First came a loud crack. Then, a 75-foot pine tree came tumbling down Tuesday evening, crashing on a group of children and summer camp counselors in front of a popular Pasadena children’s museum in the Arroyo Seco, witnesses said.
“The kids were screaming, and they were running,” said Greg Prodigalidad, a contractor in Pasadena who was sitting on a bench nearby when he heard the towering tree snap and uproot.
“Once I saw the tree fall, I started running. Me and a bunch of people — we were just moving all the branches away and getting all the kids out.”
Parents, camp counselors and staff at the Kidspace Children’s Museum, which operates the summer camp, swarmed to scoop the children from under the toppled tree.
“It was horrifying,” said Lee Ann Cornell, who was outside the museum with her son. Even the kitchen staff at the museum, she said, ran out to rescue the kids before firefighters and police arrived.
Eight children were injured, and two were hospitalized in critical condition, said Lisa Derderian, a spokeswoman for the Pasadena Fire Department. All of the injured children were enrolled in the museum’s summer camp, which this week has 33 campers ages of 5 to 9, said Tim Scheidler, a marketing manager for the museum. None of the counselors was injured, he said.
The pine tree sits in front of the museum’s entrance but is located within the boundaries of Brookside Park, a 62-acre public park in the Arroyo Seco next to the Rose Bowl.
What caused the tree to fall is under investigation, city officials said. An independent arborist was scheduled to inspect the tree and its root system Wednesday, City Manager Michael Beck said. An initial examination did not reveal any signs of disease, he said.
Sylva Blackstone, an arborist and consultant in Highland Park, said there were several possible causes including root disease, fungus, wind and damage to the tree from the drought.

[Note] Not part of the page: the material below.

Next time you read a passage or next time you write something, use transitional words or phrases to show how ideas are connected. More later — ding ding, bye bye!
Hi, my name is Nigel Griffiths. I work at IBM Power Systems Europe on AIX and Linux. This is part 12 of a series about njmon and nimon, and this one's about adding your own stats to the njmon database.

“It’s hard to tell,” said Blackstone, as she stood about 20 feet from the fallen pine Tuesday night. City officials cordoned off the tree and were not allowing bystanders to get close.
Whether the drought played a role was unclear. Beck, the city manager, said the area around the museum and park was not subject to the same water conservation measures as other parts of the city, where once-green medians have turned brown.

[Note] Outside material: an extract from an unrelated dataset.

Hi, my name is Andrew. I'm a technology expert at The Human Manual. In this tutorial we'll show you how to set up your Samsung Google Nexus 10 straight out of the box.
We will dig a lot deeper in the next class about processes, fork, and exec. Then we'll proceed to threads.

“Because it is used as a city park and is near to Kidspace, it is watered regularly,” said Beck, gesturing to the meadow where the campers had been waiting for their parents to pick them up. “As you can see, it is green.”
The drought has been blamed for a die-off among trees along boulevards and in parks and backyards throughout Southern California. As many as 14,000 trees in Los Angeles parks — about 4% of the total — may have died during the last year of drought, according to a city parks department survey earlier this year. In a normal year, the toll would be less than 1%.

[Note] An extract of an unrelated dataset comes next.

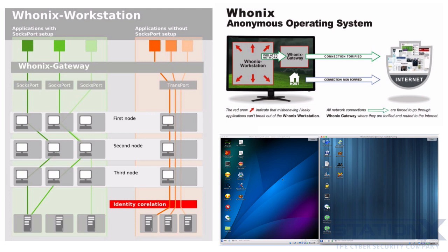Whonix doesn't separate your different contextual identities. It is not advisable to use the same Whonix workstation to perform two tasks or maintain two contextual identities that you really want to keep separate from each other.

Scientists say the death of so many trees could drive up temperatures, disrupt animal habitats and impede water retention. They expect even more trees to wither as Californians attempt to comply with new conservation rules.
Pasadena — a city renowned for its lush canopy — has more than 40,000 trees, said city spokesman William Boyer. The fallen pine, like other trees in the park, was maintained by the city.
“We love our trees, we take care of our trees,” Boyer said.
In 2011, a windstorm downed trees across the San Gabriel Valley and hit Pasadena hard, as falling limbs knocked out power lines and crushed cars. About 2,000 trees had to be removed, according to a city report.
Prodigalidad, who helped rescue the kids, said if another type of tree had fallen — say an oak or a sycamore — the disaster could have been worse.
“I’m glad it was a pine tree; it gave warning,” he said, allowing children to scatter. “You hear it crack before it falls.”